▶ [Dataset]
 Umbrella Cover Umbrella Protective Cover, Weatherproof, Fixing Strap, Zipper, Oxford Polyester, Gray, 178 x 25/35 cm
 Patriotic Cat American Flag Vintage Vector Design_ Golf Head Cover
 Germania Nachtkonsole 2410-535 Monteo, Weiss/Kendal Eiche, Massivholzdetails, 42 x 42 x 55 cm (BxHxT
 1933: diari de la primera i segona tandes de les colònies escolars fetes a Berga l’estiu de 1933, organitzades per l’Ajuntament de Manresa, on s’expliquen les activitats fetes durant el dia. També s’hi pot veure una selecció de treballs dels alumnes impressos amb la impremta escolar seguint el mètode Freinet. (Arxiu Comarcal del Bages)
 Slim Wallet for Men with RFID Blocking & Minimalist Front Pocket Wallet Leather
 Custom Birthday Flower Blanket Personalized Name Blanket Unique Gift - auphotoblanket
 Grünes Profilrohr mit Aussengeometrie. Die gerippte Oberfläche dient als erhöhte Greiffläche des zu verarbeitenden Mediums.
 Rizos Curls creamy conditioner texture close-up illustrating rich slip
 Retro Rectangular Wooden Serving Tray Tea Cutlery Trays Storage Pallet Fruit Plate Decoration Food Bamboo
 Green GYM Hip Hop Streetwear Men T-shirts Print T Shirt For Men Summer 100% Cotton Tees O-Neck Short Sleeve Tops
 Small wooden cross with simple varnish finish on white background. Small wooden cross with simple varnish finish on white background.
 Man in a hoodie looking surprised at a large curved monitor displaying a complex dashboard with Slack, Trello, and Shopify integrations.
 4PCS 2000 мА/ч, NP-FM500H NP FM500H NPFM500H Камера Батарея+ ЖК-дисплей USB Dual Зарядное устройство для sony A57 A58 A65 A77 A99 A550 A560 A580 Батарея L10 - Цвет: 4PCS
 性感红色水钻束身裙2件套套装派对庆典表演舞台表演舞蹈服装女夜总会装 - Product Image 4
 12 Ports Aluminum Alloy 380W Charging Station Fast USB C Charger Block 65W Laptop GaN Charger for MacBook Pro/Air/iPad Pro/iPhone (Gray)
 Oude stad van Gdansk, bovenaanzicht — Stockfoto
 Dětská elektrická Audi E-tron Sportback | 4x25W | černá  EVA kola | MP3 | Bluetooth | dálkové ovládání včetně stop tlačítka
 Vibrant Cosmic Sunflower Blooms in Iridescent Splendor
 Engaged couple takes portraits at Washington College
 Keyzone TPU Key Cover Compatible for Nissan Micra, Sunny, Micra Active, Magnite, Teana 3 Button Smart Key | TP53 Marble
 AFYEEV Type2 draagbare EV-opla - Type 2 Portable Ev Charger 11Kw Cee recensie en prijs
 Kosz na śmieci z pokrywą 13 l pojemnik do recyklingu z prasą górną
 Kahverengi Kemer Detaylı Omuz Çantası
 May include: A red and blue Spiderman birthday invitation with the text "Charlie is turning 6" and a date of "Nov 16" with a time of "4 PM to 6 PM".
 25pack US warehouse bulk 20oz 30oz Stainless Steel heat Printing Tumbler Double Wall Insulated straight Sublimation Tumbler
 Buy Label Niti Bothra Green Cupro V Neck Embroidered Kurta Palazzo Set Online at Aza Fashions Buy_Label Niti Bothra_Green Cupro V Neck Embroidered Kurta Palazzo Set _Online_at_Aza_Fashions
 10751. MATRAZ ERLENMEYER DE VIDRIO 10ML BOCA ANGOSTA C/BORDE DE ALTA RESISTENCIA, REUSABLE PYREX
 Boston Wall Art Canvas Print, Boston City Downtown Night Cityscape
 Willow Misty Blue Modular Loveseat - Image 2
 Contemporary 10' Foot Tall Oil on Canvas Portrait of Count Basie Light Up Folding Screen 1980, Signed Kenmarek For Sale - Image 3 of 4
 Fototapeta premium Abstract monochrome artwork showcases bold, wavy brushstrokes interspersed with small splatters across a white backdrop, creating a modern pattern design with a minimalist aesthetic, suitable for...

▶ [Work instructions]
Each entry above is to be transcribed exactly as it was written.

▶ [Task output]
 Umbrella Cover Umbrella Protective Cover, Weatherproof, Fixing Strap, Zipper, Oxford Polyester, Gray, 178 x 25/35 cm
 Patriotic Cat American Flag Vintage Vector Design_ Golf Head Cover
 Germania Nachtkonsole 2410-535 Monteo, Weiss/Kendal Eiche, Massivholzdetails, 42 x 42 x 55 cm (BxHxT
 1933: diari de la primera i segona tandes de les colònies escolars fetes a Berga l’estiu de 1933, organitzades per l’Ajuntament de Manresa, on s’expliquen les activitats fetes durant el dia. També s’hi pot veure una selecció de treballs dels alumnes impressos amb la impremta escolar seguint el mètode Freinet. (Arxiu Comarcal del Bages)
 Slim Wallet for Men with RFID Blocking & Minimalist Front Pocket Wallet Leather
 Custom Birthday Flower Blanket Personalized Name Blanket Unique Gift - auphotoblanket
 Grünes Profilrohr mit Aussengeometrie. Die gerippte Oberfläche dient als erhöhte Greiffläche des zu verarbeitenden Mediums.
 Rizos Curls creamy conditioner texture close-up illustrating rich slip
 Retro Rectangular Wooden Serving Tray Tea Cutlery Trays Storage Pallet Fruit Plate Decoration Food Bamboo
 Green GYM Hip Hop Streetwear Men T-shirts Print T Shirt For Men Summer 100% Cotton Tees O-Neck Short Sleeve Tops
 Small wooden cross with simple varnish finish on white background. Small wooden cross with simple varnish finish on white background.
 Man in a hoodie looking surprised at a large curved monitor displaying a complex dashboard with Slack, Trello, and Shopify integrations.
 4PCS 2000 мА/ч, NP-FM500H NP FM500H NPFM500H Камера Батарея+ ЖК-дисплей USB Dual Зарядное устройство для sony A57 A58 A65 A77 A99 A550 A560 A580 Батарея L10 - Цвет: 4PCS
 性感红色水钻束身裙2件套套装派对庆典表演舞台表演舞蹈服装女夜总会装 - Product Image 4
 12 Ports Aluminum Alloy 380W Charging Station Fast USB C Charger Block 65W Laptop GaN Charger for MacBook Pro/Air/iPad Pro/iPhone (Gray)
 Oude stad van Gdansk, bovenaanzicht — Stockfoto
 Dětská elektrická Audi E-tron Sportback | 4x25W | černá  EVA kola | MP3 | Bluetooth | dálkové ovládání včetně stop tlačítka
 Vibrant Cosmic Sunflower Blooms in Iridescent Splendor
 Engaged couple takes portraits at Washington College
 Keyzone TPU Key Cover Compatible for Nissan Micra, Sunny, Micra Active, Magnite, Teana 3 Button Smart Key | TP53 Marble
 AFYEEV Type2 draagbare EV-opla - Type 2 Portable Ev Charger 11Kw Cee recensie en prijs
 Kosz na śmieci z pokrywą 13 l pojemnik do recyklingu z prasą górną
 Kahverengi Kemer Detaylı Omuz Çantası
 May include: A red and blue Spiderman birthday invitation with the text "Charlie is turning 6" and a date of "Nov 16" with a time of "4 PM to 6 PM".
 25pack US warehouse bulk 20oz 30oz Stainless Steel heat Printing Tumbler Double Wall Insulated straight Sublimation Tumbler
 Buy Label Niti Bothra Green Cupro V Neck Embroidered Kurta Palazzo Set Online at Aza Fashions Buy_Label Niti Bothra_Green Cupro V Neck Embroidered Kurta Palazzo Set _Online_at_Aza_Fashions
 10751. MATRAZ ERLENMEYER DE VIDRIO 10ML BOCA ANGOSTA C/BORDE DE ALTA RESISTENCIA, REUSABLE PYREX
 Boston Wall Art Canvas Print, Boston City Downtown Night Cityscape
 Willow Misty Blue Modular Loveseat - Image 2
 Contemporary 10' Foot Tall Oil on Canvas Portrait of Count Basie Light Up Folding Screen 1980, Signed Kenmarek For Sale - Image 3 of 4
 Fototapeta premium Abstract monochrome artwork showcases bold, wavy brushstrokes interspersed with small splatters across a white backdrop, creating a modern pattern design with a minimalist aesthetic, suitable for...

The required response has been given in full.